QUALI SONO GLI ALIMENTI RICCHI DI VITAMINA D?

Nel mondo vegetale, invece, la vitamina D scarseggia ed è sempre presente come forma D2. Le fonti migliori in questo caso sono la frutta secca (mandorle, noci) , funghi e fagioli.

QUALI SONO LE CONSEGUENZE DI UNA CARENZA DI VITAMINA D?

La carenza di vitamina D colpisce soprattutto le persone che non si espongono a sufficienza alla luce solare, come le popolazioni dei Paesi nordici dove il sole scarseggia, ma possono soffrirne anche i bambini che non giocano abbastanza all’aperto, o gli adulti che passano molte ore al chiuso, le donne in menopausa perché sintetizzano meno vitamina D, e in particolar modo, gli anziani che perdono l’abitudine di uscire di casa.

CHE INCIDENZA HA SULLA FERTILITÀ?

Nell’uomo i recettori (porte di accesso) per la Vitamina D sono stati ritrovati anche all’interno dei testicoli confermando che la sua integrazione migliora la qualità spermatica, incrementa lo sviluppo sano del nucleo dello spermatozoo, aumenta i livelli di testosterone, che a loro volta incrementano il desiderio sessuale e la produzione spermatica, migliorando condizioni di oligospermia (ossia bassa concentrazione degli spermatozoi nel liquido seminale).

Nelle donne si è visto che in presenza di cicli anovulatori (ossia senza ovulazione) l’integrazione della Vitamina D ripristina la normale funzionalità ovarica, in particolare è stato riscontrato un deficit della Vitamina D soprattutto nelle donne con PCOS, sindrome dell’ovaio policistico, evidenziando che l’integrazione con la Vitamina D permette di regolarizzare il ciclo mestruale, la glicemia e la secrezione insulinica e nelle donne con scarsa riserva ovarica permette di migliorare il valore dell’AMH, che spesso risulta basso a causa di bassi livelli di Vitamina D.

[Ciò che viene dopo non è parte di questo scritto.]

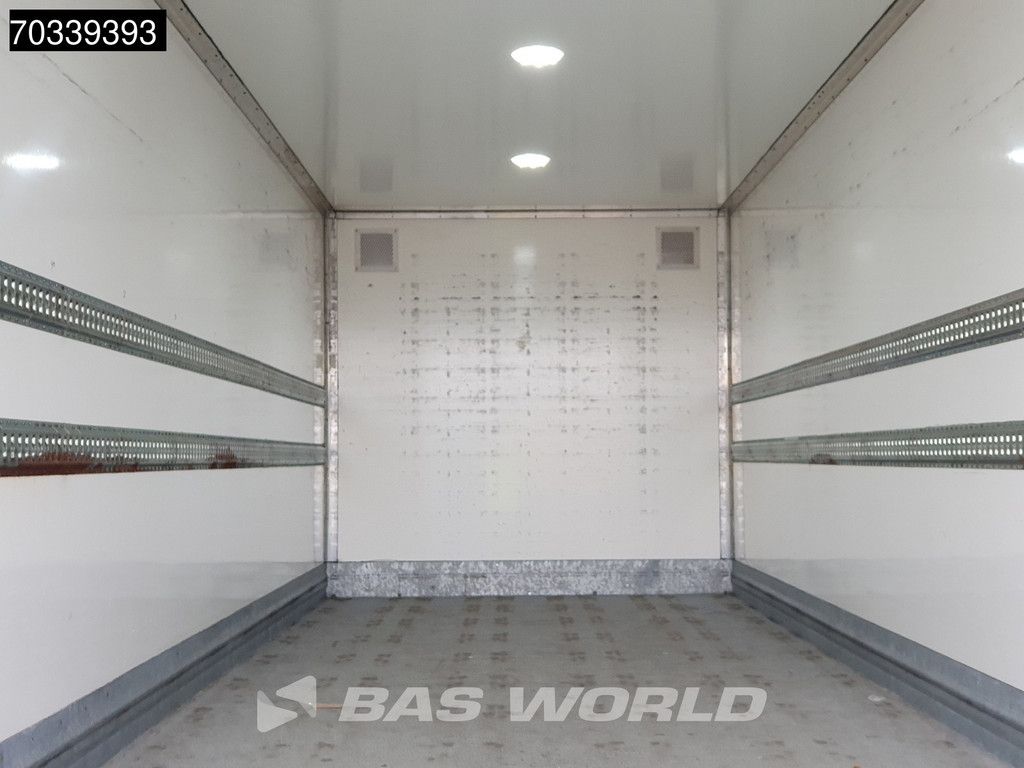 Mercedes Antos 2124 4X2 19t NL-Truck APK 2000kg Tailgate Automatic Euro 6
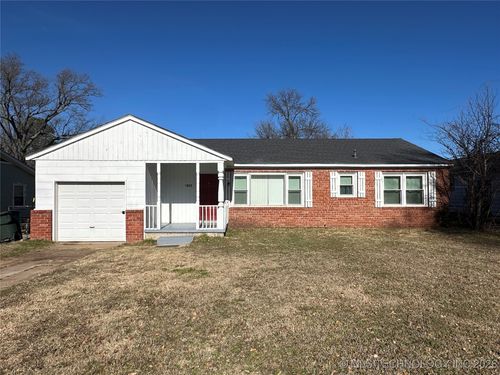1805 11th St, Okmulgee, OK, 74447-5437 | Card Image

Gli ultimi studi scientifici evidenziano una stretta correlazione tra la Vitamina D e il sistema immunitario, perciò non solo è fondamentale in condizioni patologiche di autoimmunità soprattutto nel primo trimestre di gravidanza in cui un’iperattività del sistema immunitario può determinare un vero e proprio rigetto dell’embrione.

Inoltre altri studi evidenziano la presenza della Vitamina D nel liquido follicolare che nutre e permette lo sviluppo degli ovociti nelle ovaie, l’integrazione dunque migliorerebbe anche le possibilità di impianto.

Tali evidenze scientifiche rendono necessaria l’integrazione della Vitamina D *dopo analisi del sangue per valutare comunque i livelli, che se alti possono essere anche tossici* prima di iniziare un percorso di PMA o se si è in cerca di una gravidanza, in modo da raggiungere almeno un livello sufficiente pari a 30 ng/mL e fino ad arrivare al valore di 50-60 ng/mL.

Ovviamente anche integrando è fondamentale bilanciare la produzione delle vitamine mediante l’alimentazione o valutando anche l’integrazione della Vitamina K2 e del magnesio.

Dunque, è importante integrare la Vitamina D in quanto bassi livelli sono causa di aborti ricorrenti, di continui insuccessi nei percorsi di PMA, aumentato rischio di pre-eclampsia e disfunzioni a carico della placenta.